Ruszył wyścig o ilościowe kontyngenty ograniczające na stal, tekstylia i obuwie. Przedsiębiorcy mogli składać wnioski od 3 maja.
— W tym dniu wpłynęło 249 wniosków, a 4 maja kolejne 85. Ponad 80 proc. dotyczyło udzielania licencji w ramach tzw. klauzuli transportowej — dla towarów nadanych przed 1 maja. W pozostałych, firmy ubiegały się licencje importowe na stal i tekstylia — mówi Joanna Wacławik z Ministerstwa Gospodarki, Pracy i Polityki Społecznej.
Dodaje, że niektórzy nie dostarczyli licencji eksportowych.

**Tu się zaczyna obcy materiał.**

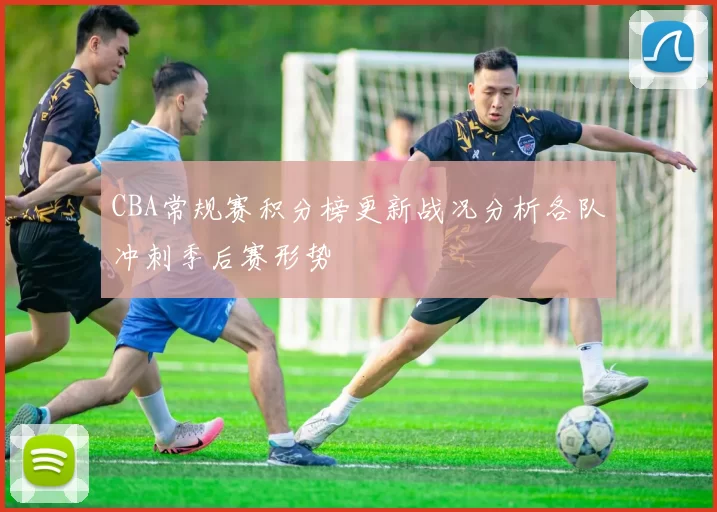 CBA常规赛积分榜更新战况分析各队冲刺季后赛形势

— Firmy muszą uzyskać licencję w kraju trzecim, z którego ma być importowany towar — wyjaśnia Joanna Wacławik.
Ilościowe kontyngenty, ograniczające dostęp niektórych artykułów do rynku UE, są przyznawane co do zasady: kto pierwszy, ten lepszy. Starają się o nie firmy z 25 krajów. Wnioski są przyjmowane w MGPiPS w Warszawie przy placu Trzech Krzyży 3/5. Można je składać: osobiście, faksem i pocztą.